▶ [Your objective]:
Every line from the one that contains "3D Puzzles for" to the end of the records must be restated word for word. No other line belongs in the answer.

====

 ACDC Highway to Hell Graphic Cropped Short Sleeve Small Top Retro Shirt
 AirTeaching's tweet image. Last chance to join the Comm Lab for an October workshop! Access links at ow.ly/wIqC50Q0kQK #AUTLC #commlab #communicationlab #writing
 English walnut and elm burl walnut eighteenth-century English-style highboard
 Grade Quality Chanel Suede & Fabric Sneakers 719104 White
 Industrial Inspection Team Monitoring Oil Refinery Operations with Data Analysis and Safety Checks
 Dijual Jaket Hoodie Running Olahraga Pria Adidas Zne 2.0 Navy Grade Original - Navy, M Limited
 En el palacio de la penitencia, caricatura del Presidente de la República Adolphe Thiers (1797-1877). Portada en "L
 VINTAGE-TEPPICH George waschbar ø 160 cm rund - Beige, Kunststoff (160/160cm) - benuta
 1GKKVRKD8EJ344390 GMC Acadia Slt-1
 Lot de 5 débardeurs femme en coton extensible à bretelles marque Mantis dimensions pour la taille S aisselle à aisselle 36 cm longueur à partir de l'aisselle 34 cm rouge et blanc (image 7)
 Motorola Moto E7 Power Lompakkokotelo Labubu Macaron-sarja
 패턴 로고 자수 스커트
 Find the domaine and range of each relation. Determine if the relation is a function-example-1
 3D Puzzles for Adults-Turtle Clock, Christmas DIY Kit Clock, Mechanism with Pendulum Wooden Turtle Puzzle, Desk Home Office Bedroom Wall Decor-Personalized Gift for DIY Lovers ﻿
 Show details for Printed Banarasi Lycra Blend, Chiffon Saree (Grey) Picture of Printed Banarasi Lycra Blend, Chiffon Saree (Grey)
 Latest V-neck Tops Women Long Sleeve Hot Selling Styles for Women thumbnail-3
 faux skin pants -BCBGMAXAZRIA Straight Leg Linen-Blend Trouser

====

▶ [Response for this exercise]:
 3D Puzzles for Adults-Turtle Clock, Christmas DIY Kit Clock, Mechanism with Pendulum Wooden Turtle Puzzle, Desk Home Office Bedroom Wall Decor-Personalized Gift for DIY Lovers ﻿
 Show details for Printed Banarasi Lycra Blend, Chiffon Saree (Grey) Picture of Printed Banarasi Lycra Blend, Chiffon Saree (Grey)
 Latest V-neck Tops Women Long Sleeve Hot Selling Styles for Women thumbnail-3
 faux skin pants -BCBGMAXAZRIA Straight Leg Linen-Blend Trouser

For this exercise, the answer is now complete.